Along the way, she had one of the best meet experiences of her career and gained a tremendous boost in confidence.
“Trials was by far the most fun meet I have ever had, and it was definitely a confidence boost for me because I learned that I can keep up with the fastest swimmers in the country, which are some of the fastest swimmers in the world now,” said Cottrell, who admits she didn’t grow up dreaming of being an Olympian and only recently realized she has the potential.
“This meet, in particular, helped me see the things that I need to work on because I am able to see where my strengths and weaknesses are in my races. I am able to visually see where I am losing races so I can go and work on that at practice.”
At Phillips 66 USA Swimming National Championships in June, she finished 6th in all three breaststroke disciplines – qualifying for WUGs in the two sprints.
Cottrell said she’s excited to swim this week in East Meadow, N.Y., at the U.S. Open to see where she is since Nationals and make sure she’s in the best possible racing shape before WUGs.
“The U.S Open will be a great meet to just be able to focus on my strategy and how I want to swim my races,” said Cottrell, who finished her college eligibility this past spring but won’t graduate until next spring. “I am swimming the 100 and 200, but I’ll be focusing on the 100 a lot more at the meet. I might time trial a 50 since I will be swimming that as well in Taiwan.
“But the meet fits in very well with my overall race calendar because I like to get in some racing every few weeks. I had World Trials and then I went to Sectionals back home in Columbus, Ohio last week, and then I will have the U.S Open so I have gotten in a few chances to just practice my races in a great race environment.”
Cottrell has just over a week between the end of the U.S. Open and when she leaves for Taiwan August 15. Competition begins August 20 and runs through the 26th. Having competed at WUGs two years ago in South Korea, she said she feels well prepared for how the meet progresses.

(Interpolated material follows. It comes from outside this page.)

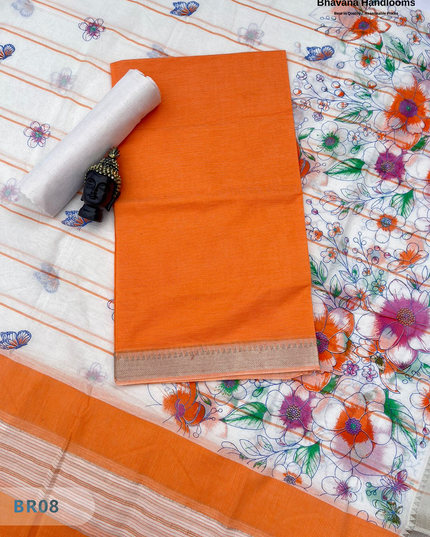 Mangalagiri Cotton Dress Material with White Chunni with Orange Colour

In many ways, that meet in 2015 was a catalyst for everything that’s happened for Cottrell’s swimming career since.
“It was amazing to travel to the other side of the world for the first time,” she said. “I had also never really gotten to meet other fast swimmers in the United States, so getting the opportunity to just meet all the people I did and have the experience to wear that USA cap was really special and motivates me at practice. It definitely keeps you hungry for more.”
And now that she’s more seasoned as a swimmer, competitor and person, Cottrell said she’s eager to soak in the experience, swim fast and have fun – whether or not she swims beyond this year, which is still undecided.

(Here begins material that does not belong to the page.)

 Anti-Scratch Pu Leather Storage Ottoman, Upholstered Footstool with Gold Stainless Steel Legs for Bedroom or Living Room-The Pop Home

“To be on the National team and race at any international meet is a stepping stone and should give me confidence for the bigger things to come, in and out of the pool,” said Cottrell, an exercise science major who plans to get her master’s in nursing, specializing in neonatal care.

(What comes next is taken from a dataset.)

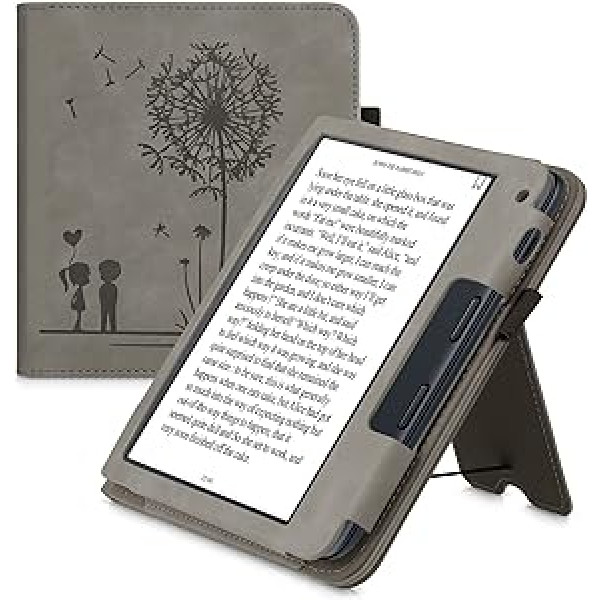 kwmobile aizsargmaciņš, kas saderīgs ar Kobo Libra 2 flip Case - vāciņš ar rokas siksnu - Dandelion Love Grey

“For this meet especially, it will be good to race people from all over the world and just overall practice my race strategies and execute them the way I’ve been working on at a high level international meet. I think that if I keep practicing the little details and focus on those things that I can control, then I will be able to get a little better each day which will set me up well for the future.”
And what about that water in the Louisville pool – the same water that helped Kelsi Worrell become a 2016 Olympic gold medalist and placed Worrell and Mallory Comerford on this year’s FINA World Championships team, where they won multiple gold medals?
What’s the secret?
“No, there is unfortunately nothing in our water here in Louisville, although it is rather cold at 6 a.m. practices,” she said. “But the coaches are absolutely incredible. Arthur (Albiero) and all the other coaches have done an outstanding job transforming this program to what is it today.
“All of the coaches have swam under Arthur at some point in their careers, which is something I find so valuable in the success to this program. The coaches really take pride in what they do and go above and beyond in making this program what it is, to see us preform at our best.”